I will never remember my very first experience with it. I can't even remember the first five years with it. I know it was there though because it wouldn't mean so much to me now if it hadn't been there since the beginning. The blanket became as routine as brushing my teeth or changing into pajamas. The blanket was always waiting there for me, no matter the mess. I've always kept it there, and still do, all night by my side, with a promise I would return. It is the least I could do to show my appreciation for the years it swaddled me tight. It now crosses my mind that I should have given the blanket a real name instead of just the standard blanket. This blanket has spent every night with me for twenty four years, giving me time to develop a strong sense for it.
It's one of those things not everyone would understand,-I thought to myself when my wife noticed I still cuddled that old thing. Of course, I could sleep just fine with out it, but why would I want to? She would have need to have the life experiences I shared with blanket to completely understand. I would never dare go as far as to say "I want my blanket" as author Larry Woiwode and his brother would to their mother demanding, "We want an orange,"in Woiwode's short essay, "Ode to an Orange".(44) Now the blanket stays tucked next to our bed, just close enough that I would not have to ask for it. It is close enough that if need be, I could grab it and sneak it close to me without the notice of my wife.
This blanket was there for me all night, every night as a servant. If I had a lot on my mind or if I was bored I could finger the little crocheted holes, keeping me occupied or clearing my mind. If it was one of those hot summer nights where sleeping made you sweat, blanket's yarn was the perfect temperature, not too cold, but just right. Blanket somehow never absorbed the summers heat as the comforter or sheets would. On the nights when it was just too cold under the sheets, hugging it to your chest felt like slipping into a sweater. Everything about it is perfect including that soft but not incredibly soft feeling it had, a more 'worn down' soft. Smelling it would remind you of dreams from the previous night. If counting sheep wouldn't put you to sleep, blanket would. The yarn that it was made of no longer resembled yarn. Sticking it my mouth wouldn't tickle and gag me as new yarn would. If I were ever to awake in the middle of the night, my first thought would be to find it. No matter how much effort and commotion I put into searching for it, the second it was found I was sure to be fast asleep. The blanket seems to somehow hide when it comes time to do laundry. It probably gets washed just a few times out of the year. Somehow it still carries no stink with it. The yarn is to compact, too compressed to let smells in.

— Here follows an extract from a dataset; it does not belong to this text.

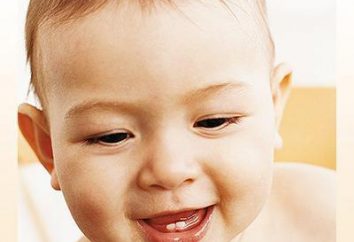 Quand, comment et quelles dents sont coupées d'abord chez le bébé?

When you are around something every day you don't seem to notice when it changes unless that change is drastic. Based on the dull color it is now, I could only assume it is the same color it always has been. They way it looks like old easter decorations, the pastel colors so worn down, almost matching each other. I have learned that isn't how it has always looked. My grandmother replicated this blanket for my son, Atticus, using the same pattern and the same yarn as mine. You can see the age. You can understand where it has traveled. I can see the colors now so faded that they all resemble each other, so close in comparison. The little intricate crocheted design has stretched, giving the blanket much more size, conveniently keeping up with me.
I have always had the notion in the back of my mind that it was silly to keep it. Maybe soon it will be time to part ways with blanket. In "Writing and Seeing 3" it says "Purpose is the reason for writing-the intention that motivates us and controls why and how we write"(386). As I chose the topic for this paper and as I was writing it I had the thoughts in my head that I had a secret purpose. I needed some sort of event to help me part ways with my blanket. Something that would signify a farewell to blanket. I feel now that this paper could be just what I was looking for to help me do that.
I would still have all the memories to hold with me, never letting me forget about the blanket. I will always remember the time when, as a child, I had my very first sleep over at a neighbor friends Birthday party. It was nonsense to not bring blanket with me like my mother had suggested. I packed blanket into my sleeping bag, rolled it up and headed out the door. I don't remember if I was made fun or if any of the other boys even noticed, but I do remember tying a Birthday balloon to blanket. I wanted blanket to have a keepsake to remember one of its few times out of the house. In my five year old mind that would be not only normal but very thought full of me. It is now twenty years later and there is still that little knot tired to blanket. Blanket is holding that tinfoil not as a remembrance of the time he was more than a blanket, but a friend. It was only a few weeks ago that the little knot finally fall off. I guess blanket was showing me that he was ready to part with the past as I should be as well.
Maybe now I could give blanket to my mother like she pleases, so she can keep it locked away in some closet. She can make him some sort of keepsake. If I do decide to give blanket up I will keep my hopes that maybe Atticus will keep his blanket close to him, like I did my blanket.